NOAA Data Show Stagnant Temperatures – Even With “Accelerating Pace Of Emissions”

In Germany the news from the NOAA that the Barrow, Alaska station has recorded a CO2 concentration at 400 ppm “for the first time” is sweeping through the media – along with fresh warnings of impending climate doom.

“The northern sites in our monitoring network tell us what is coming soon to the globe as a whole,” said Pieter Tans , an atmospheric scientist with NOAA’s Earth System Research Laboratory (ESRL) in Boulder, Colo. “We will likely see global average CO2 concentrations reach 400 ppm about 2016.”

Average global levels of CO2 were 390.4 ppm in 2011, according to NOAA measurements.

The NOAA press release also writes that the concentration of the greenhouse gas has increased every year since 1959. “In the early 1960s, it rose about 0.7 ppm per year. For the last decade, it has been rising at about 2 ppm per year. That observed increase, independent of the seasonal ups and downs described above, is due to the accelerating pace of emissions from human activities, particularly the burning of fossil fuels.”

What impact has that had on temperature over the last decade?

Spiegel online tells us:

The data, however, have not shown any warming  for 13 years.

At the same time the question of whther the CO2 increase will warm the climate is still always disputed. The strength of the warming depends mostly on how much water evaporates; water vapour enhances the greenhouse effect considerably more than CO2. Estimates on the water vapour effect diverge greatly. Thousands of scientists are working on that question.

Global temperatures just aren’t listening to the climate models. And so much for consensus.

 

3 responses to “NOAA Data Show Stagnant Temperatures – Even With “Accelerating Pace Of Emissions””

  1. anna

    “The northern sites in our monitoring network tell us what is coming soon to the globe as a whole,” Hmm… Why doesn’t the CO2 level increase the most near well populated areas, closest to the emission sources, and slowly spreads to the distant poles?

    1. DirkH

      Locally and near the surface , CO2 levels fluctuate wildly all the time, that’s exactly why you measure in remote areas. So what Pieter Tans has said there probably just shows how completely clueless he is.

      On a sunny day without wind, corn plants, for example, deplete the CO2 around them within minutes, and stop photosynthesizing until air movement brings new CO2.
      (Liebig’s Law; the growth of plants is limited by the scarcest of the elements they need; might be water, might be light, might be CO2…)

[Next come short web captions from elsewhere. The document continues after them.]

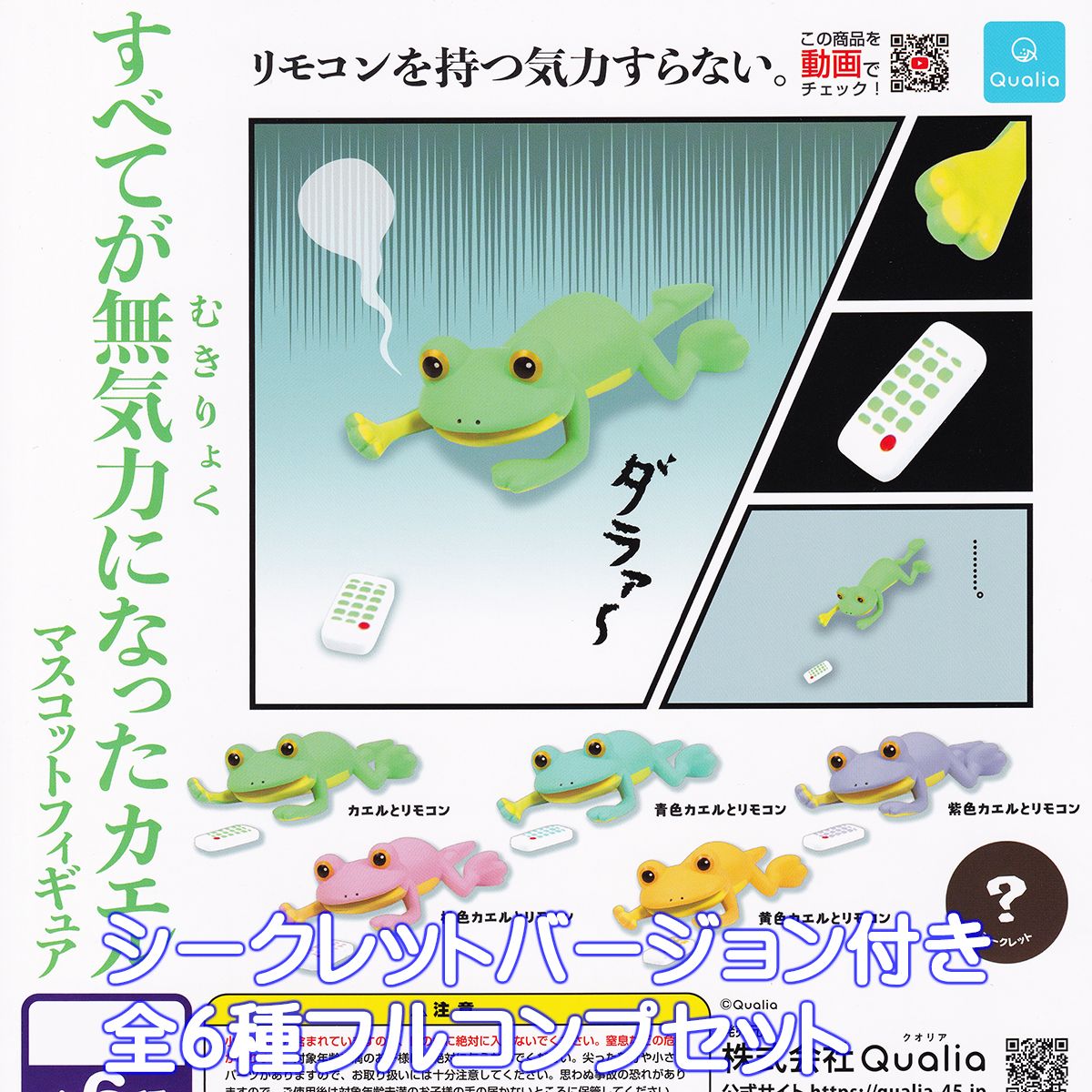 PULSAR 光るカエル ストラップ セット カエルの森工房 無事カエル ストラップ｜株式会社キタンクラブ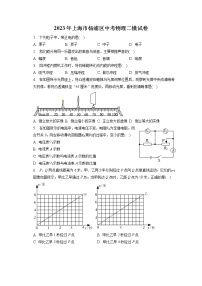 2023年上海市杨浦区中考物理二模试卷（含答案解析）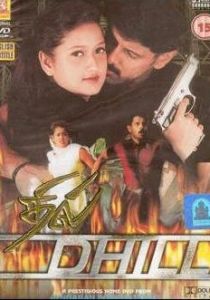 Дело чести 2001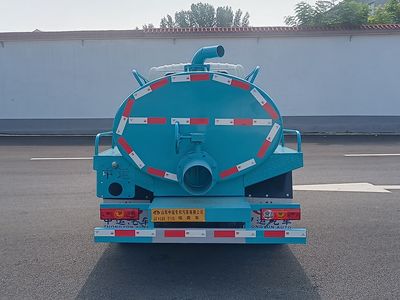 Zhongyunwei brand automobiles ZYW5030GXE6BJ Septic suction truck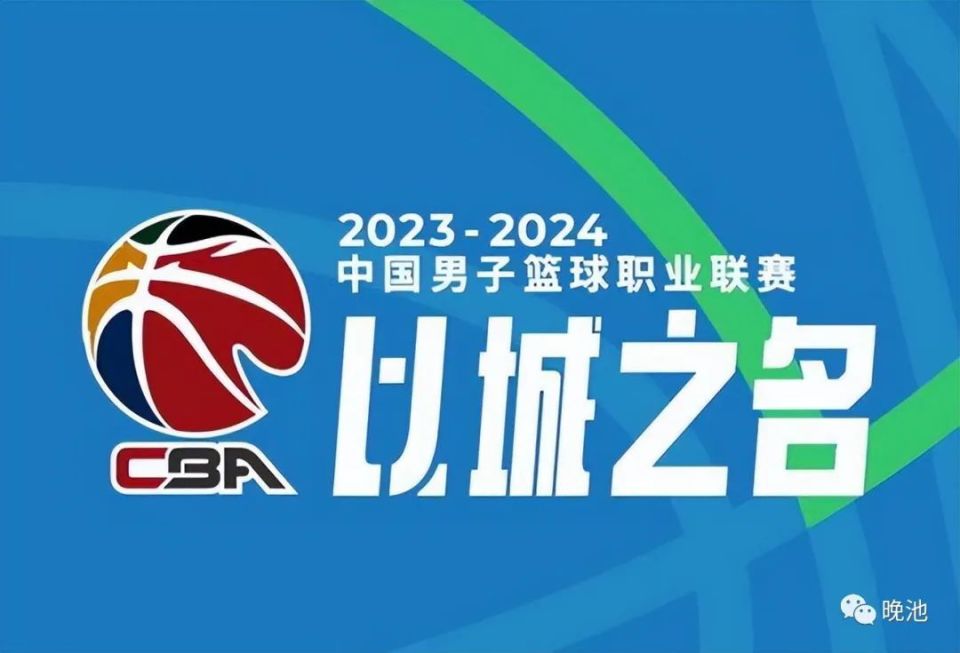 2024今晚香港开特马开什么,关于香港特马彩票的探讨——以今晚的开奖为例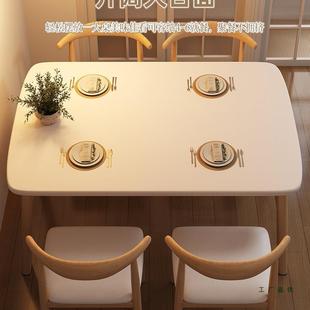 餐方桌家用小户型奢现F97H8S79代简约长形饮商用桌轻椅吃饭桌子出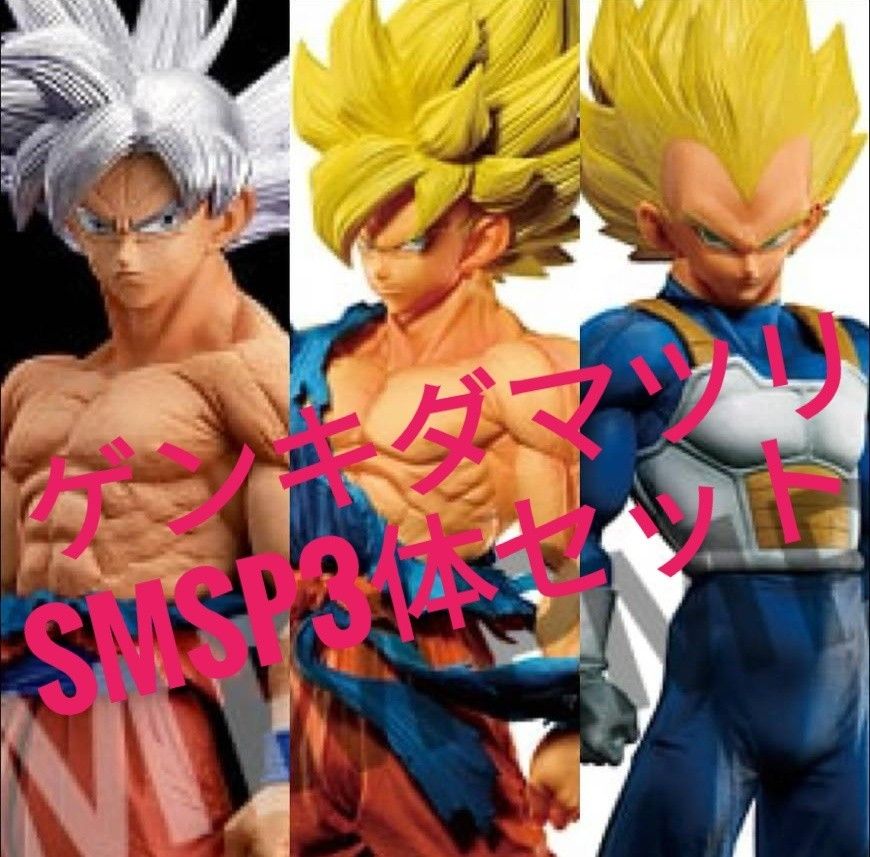 ゲンキダマツリ フィギュア smsp 三体セット ゲンキダマツリsmsp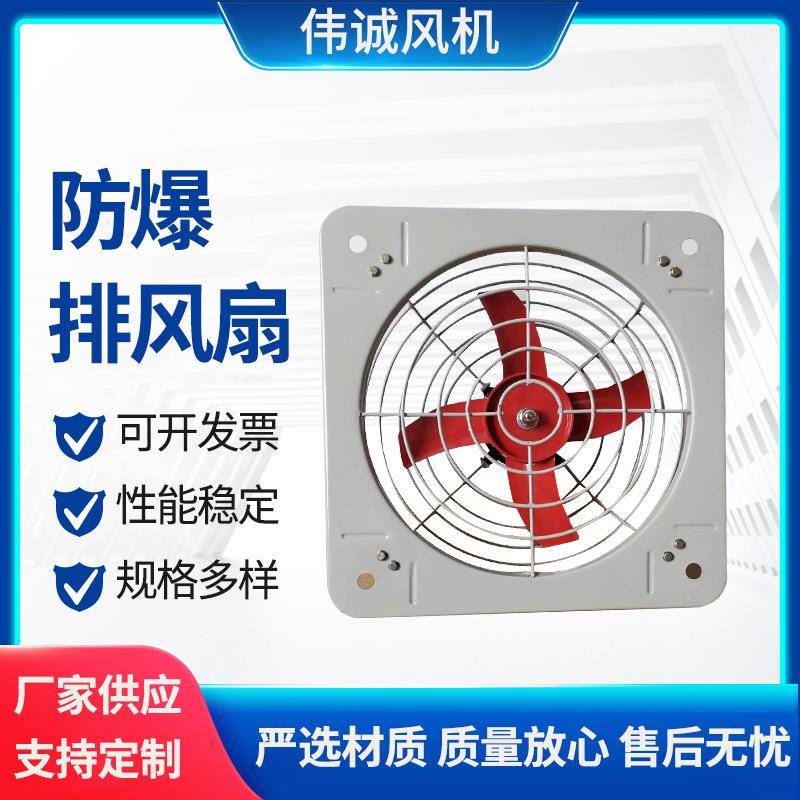 BFAG/BFS-300/400 /500/600220V/380V厂用壁式防爆轴流排风排气扇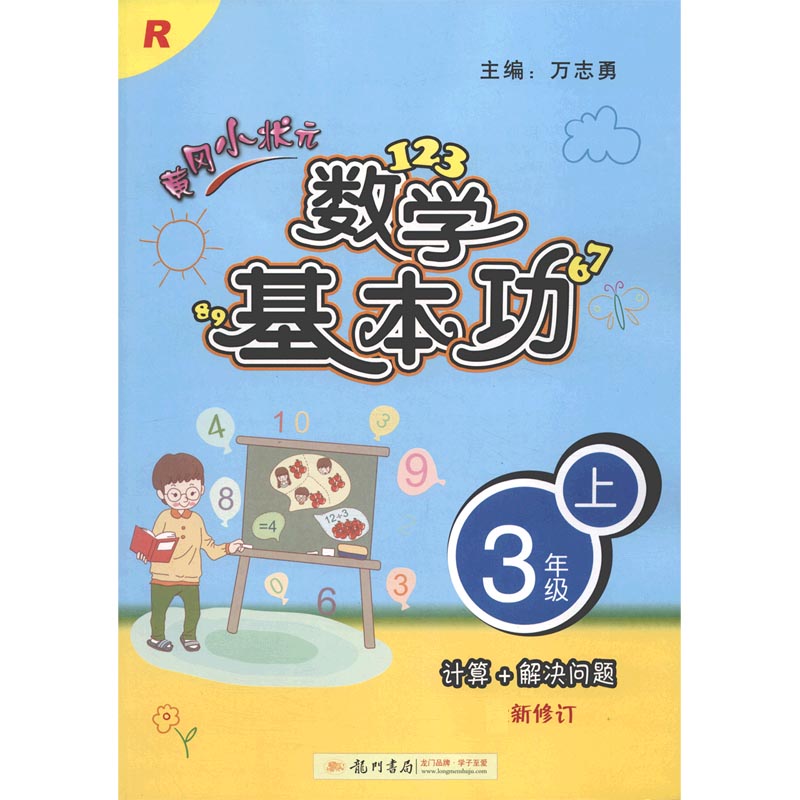 黄冈小状元数学基本功（3上R最新修订）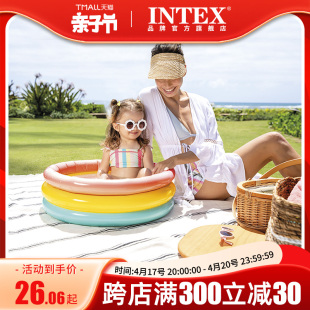 intex海洋球池室内海洋球池，围栏室内儿童，家用鲨鱼球池充气游泳池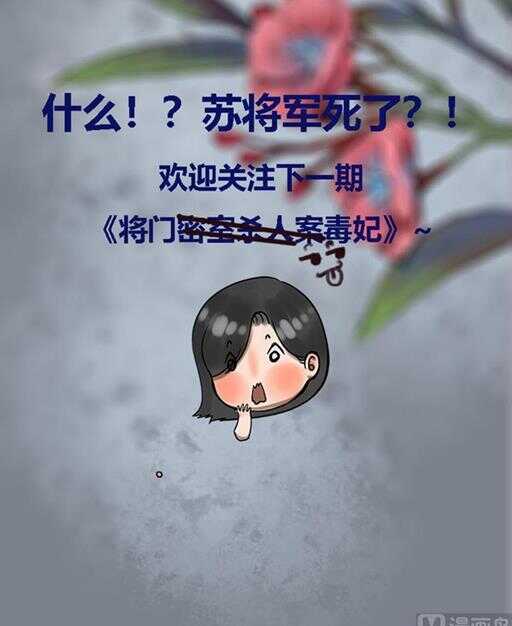 第29话 我放心不下你19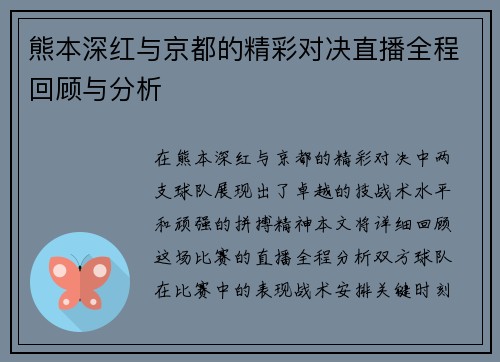 熊本深红与京都的精彩对决直播全程回顾与分析
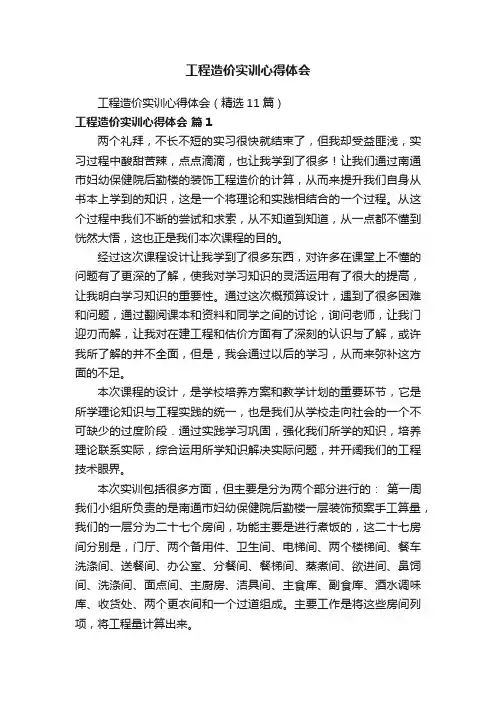 工程造价实训心得体会（精选11篇）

      On the other hand, if you want to get very high levels, just measure the CO2 on a busy highway. The old chemical measurements that the late Ernst Beck collected were dismissed exactly because they were affected by local sources.

      Beck’s site:
      http://www.biokurs.de/treibhaus/literatur/kreutz/Kreutz_english.pdf
      see also here
      http://wattsupwiththat.com/2008/07/25/beck-on-co2-oceans-are-the-dominant-co2-store/

  2. Francis Massen

    Look here for how great “natural” CO2 swings can be:

    http://meteo.lcd.lu/7days_04.png

    During the week from 28/05 to 04/06 CO2 peaked 520 ppmV

    All what is needed is slow wind and as a consequence poor air mixing… et voilä!